Mon erreur de quelques minutes plus tôt soudainement devient moins pesante. J’étais sous spi asymétrique sur le plus petit canot de la régate et je remontais paisiblement un énorme Dufour 405 GL deux fois et demi plus long que mon Open 5.00 et surtout plus de 30 fois plus lourd mais qui n’avait pas haussé son spi sur ce bord de portant relativement bref! La marque de parcours à laisser à bâbord était bien visible et j’étais bien positionné pour la virer à l’intérieur du Dufour. Le vent venant de tribord arrière et je savais que l’énorme Dufour allait me faire une belle ombre de vent mais j’avais décidé que passer loin sous son vent était préférable à faire un détour pour passer à son vent et alors risquer de perdre l’intérieur du virement de la marque. C’était une belle erreur de ma part car même sans spi sous GV et génois, les 80 m2 de voile du Dufour 405 GL ont non seulement coupé le vent de mon spi mais aussi m’ont littéralement aspiré vers lui, avec mon spi pendouillant comme un énorme torchon jaune attaché à mon mât. Quel mauvais moment! Ma barre n’avait presque plus d’effet tout comme mes voiles à l’ombre de cette énorme masse très haute de pont. Le barreur du Dufour (Gilles Bartoloméo, merci) m’a permis de m’en sortir en remontant temporairement un peu le vent et cela m’a donné suffisamment d’air pour remplir à nouveau le spi et prendre quelques longueurs avant la marque.

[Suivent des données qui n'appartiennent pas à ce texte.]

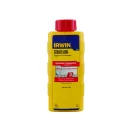 IRWIN Strait-Line Vopsea pulbere pentru linie de vopsire 227g roșu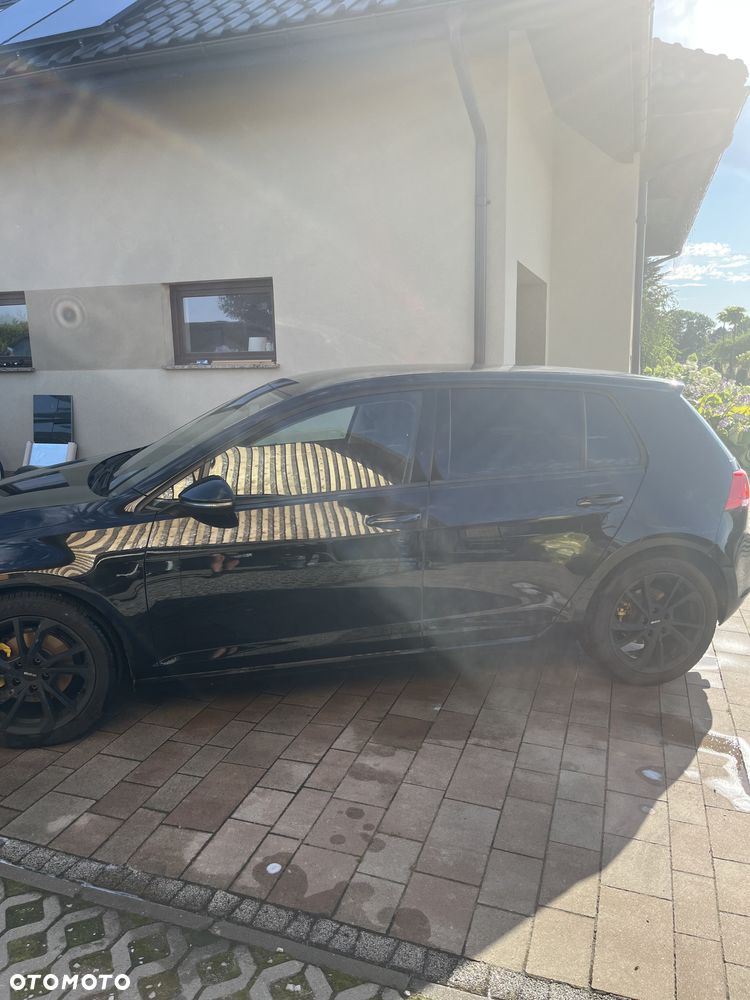 Volkswagen Golf 2.0 TDI BMT Highline - 4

Ais-je perdu 1 minute et 32 secondes dans cette manœuvre hasardeuse ? Peut-être. J’ai terminé la régate à la troisième place de mon groupe GR3 de 11 bateaux à 1 minute 32 secondes du second en temps compensé, un J80 et à moins de six minutes du premier, le splendide Archambault A31 de Guy Claeys, bien sponsorisé et venant directement de la Quadrasolo méditerranée après avoir fait la Transquadra. J’étais aussi à moins de sept minutes en temps compensé du premier du groupe GR2, Epsilon, un splendide Sunfast 3200 tout neuf, bateau officiel de la Marine, barré par Jean Rameil et qui est arrivé 50 minutes avant moi en temps réel. Mais quel excellent résultat pour moi, n’ayant pas régaté depuis presque quatre ans, à cause de mes choix hasardeux de bateaux!
Je ne m’attendais pas du tout à bien faire et mon ambition au départ était limitée à garder le contact avec les trois autres Open 5.00. J’ai commencé à m’intéresser à ce bateau au début de cet été lorsque j’ai réalisé que mon Albatros ne me permettrait pas de sortir en solo sous spi sans grosses modifications hors monotype (un avaleur qui marche ou un gennaker sur emmagasineur). J’ai initialement pensé au Devoti D-One mais un essai au Lac de Ste Croix m’a montré que j’allais dans une mauvaise direction car un skiff à une mauvaise stabilité initiale, à l’inverse de ce que mes vieux os demandent. Une discussion sur le forum du D-One m’a ensuite orienté vers Michel Bourgeois et le petit groupe d’Open 5.00 du Yacht Club de Toulon. J’ai d’abord essayé l’Open 5.00 que Yves Lajeunesse a mis en vente à La Londe mais sa mise à l’eau à La Londe est problématique et impossible pour un solitaire. A Hyères le stationnement du bateau de près de 300 kg est aussi un problème. A Toulon, Michel m’a d’abord proposé une sortie de découverte (sur le sujet « ce bateau est-il utilisable en solo? ») qui a été bien convaincante et ensuite m’a proposé de faire la régate La Solitaire de la Société Nautique des Mouissèques avec Bambarras mis à ma disposition bien gracieusement par son propriétaire, Etienne Lebreton, que je remercie de tout cœur, tout comme Michel.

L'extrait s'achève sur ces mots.